Petitioner appeals an order of the Board of Parole setting his parole release date. He contends that the Board failed to follow its administrative rules. He was serving an 8-month sanction for a parole violation and was scheduled for release on March 13, 1990, when he took a “voluntary absence” from the facility. The Board extended his release date to April 15,1990, to compensate for “inoperative time.” At that time, the Board received official notice of three additional convictions, each carrying a sentence of one year and one day, to be served consecutively. Petitioner’s term for the first new violation was served concurrently with his parole violation sanction and had been completed at the time of the parole release hearing.

At the hearing, the Board imposed two consecutive 6-month terms for petitioner’s remaining two convictions on the basis of petitioner’s Board matrix. The Board adjusted his sentencing date to December 14,1989, and, under the matrix, set his parole release date at December 13, 1990. Petitioner argues that the Board erred in setting the release date. We affirm.

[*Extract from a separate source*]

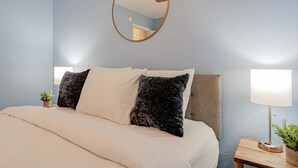 A bedroom with a bed, pillows, a bedside table with a lamp, and a mirror on the wall. - Close to USC & Midtown-Downtown - Newly Renovated! (Columbia)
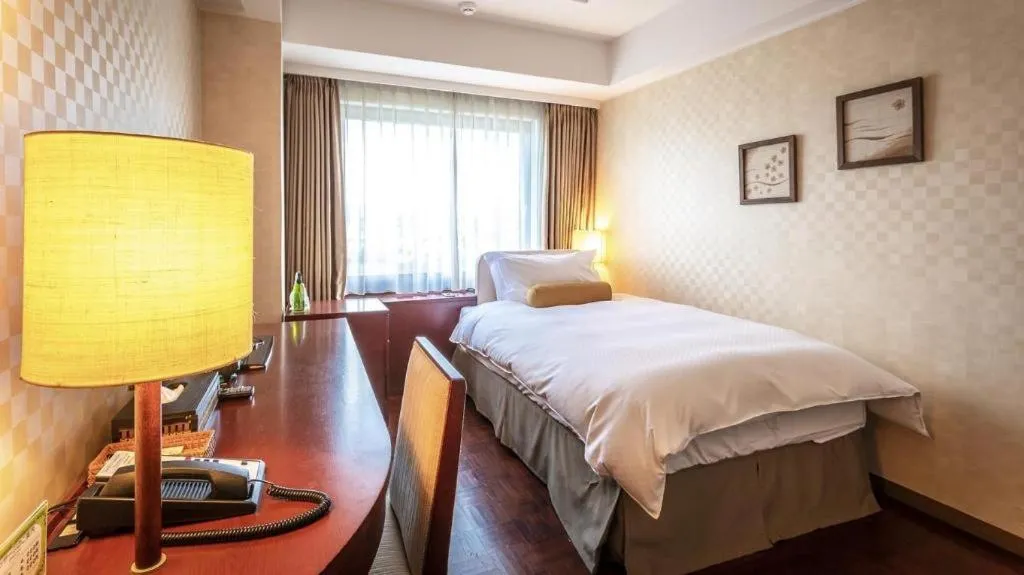 Bed in Miyazaki Kanko Hotel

Petitioner argues that “the provisions of OAR 255-35-025(l)(a) * * * expressly require that the ‘maximum’ prison term the board may impose on such a sentence of one year and one day is two months.” OAR 255-35-025 provides, in part:

“When the Board chooses to set a parole release date on a sentence with a statutory good time date which calls for earlier release than the [matrix] guideline range indicates (due to a short sentence), the maximum initial prison terms shall be as follows:
“(a) Six months from the statutory good time date on a sentence of at least one year and less than three years * *

The rule does not apply to this case, however, because the statutory good time date here does not call for earlier release than does the Board’s matrix. To calculate a good time release date, the Board applies ORS 421.120(l)(b), which provides:

“From the term of a sentence of more than one year, one day shall be deducted for every two days of such sentence actually served in the Department of Corrections institution.”

Given petitioner’s three new sentences, one of which had already been served, the rule would allow petitioner to serve only 8 months on each remaining one year and one day sentence after December 14, 1989, making his earliest good time release date on those sentences April 15,1991. Because the statutory good time date does not call for release earlier than the matrix release date, the Board’s order setting petitioner’s release date was proper.

Affirmed. 
      
       Petitioner has other sentences, which are not included in this calculation.